Boarding students live on campus full-time in dormitories and are immersed in the residential community around the clock, while day students attend classes and many activities but live at home in the surrounding area. Loomis Chaffee enrolls a mix of boarders and day students. The boarding experience is central to its identity, offering structured study, advising, and community life, though day enrollment can suit local families seeking the academics without residence.

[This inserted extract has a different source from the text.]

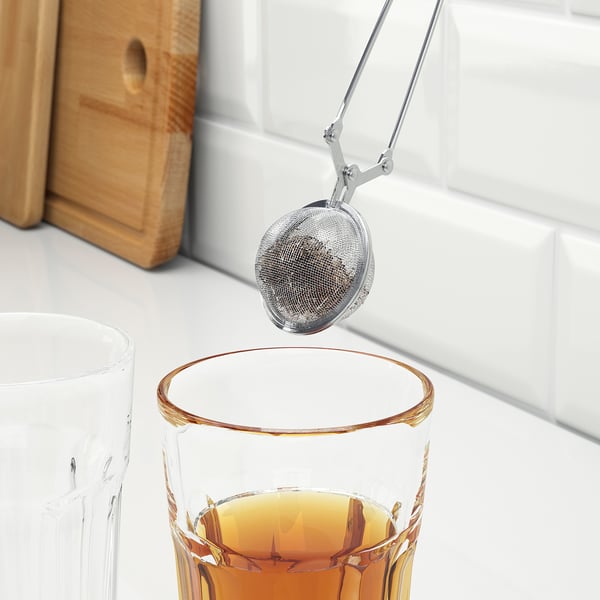 Sølv te infusionsenhed holdt af en tang dyppes i et klart glas gylden te ved siden af matchende kande.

Yes; Loomis Chaffee provides need-based financial aid and is committed to access, awarding assistance to qualifying families based on demonstrated financial need through a separate aid application during admissions. Like most boarding schools, it does not generally offer merit scholarships; aid is determined by financial circumstances. Because boarding tuition is substantial, families seeking support should apply for aid alongside the admission application rather than waiting until after a decision.
Loomis Chaffee, like most boarding schools, has typically used the SSAT (Secondary School Admission Test) as its standardized testing component, though it has adopted test-flexible or test-optional policies in recent years and some schools accept the ISEE. Applicants also complete interviews, essays, and recommendations. Because testing requirements change between cycles, families should confirm the current policy on the school’s admissions site for their application year.
No; while Loomis Chaffee sends many graduates to selective colleges through rigorous academics and dedicated college counseling, attendance guarantees nothing, and admission to top universities has grown intensely competitive even for boarding-school students. The school helps by preparing students academically and supporting their applications, but each student must still excel and present a compelling case. Treating any elite school as an automatic path to a top college is a costly misconception.
Residential life centers on dormitories where students live with housemates and faculty advisors nearby, structured around academics, supervised study hours, athletics, arts, and weekend activities. The all-in community fosters close friendships, independence, and mentorship from faculty who often live on campus. Days are full and scheduled, blending classes, sports, and dorm life, so students gain maturity and time-management skills while being supported within a close-knit boarding environment.
Sources: The Loomis Chaffee School Office of Admission; Loomis Chaffee Application Process; Wikipedia institutional history; Boarding School Review profile; National Center for Education Statistics; Gateway to Prep School Application.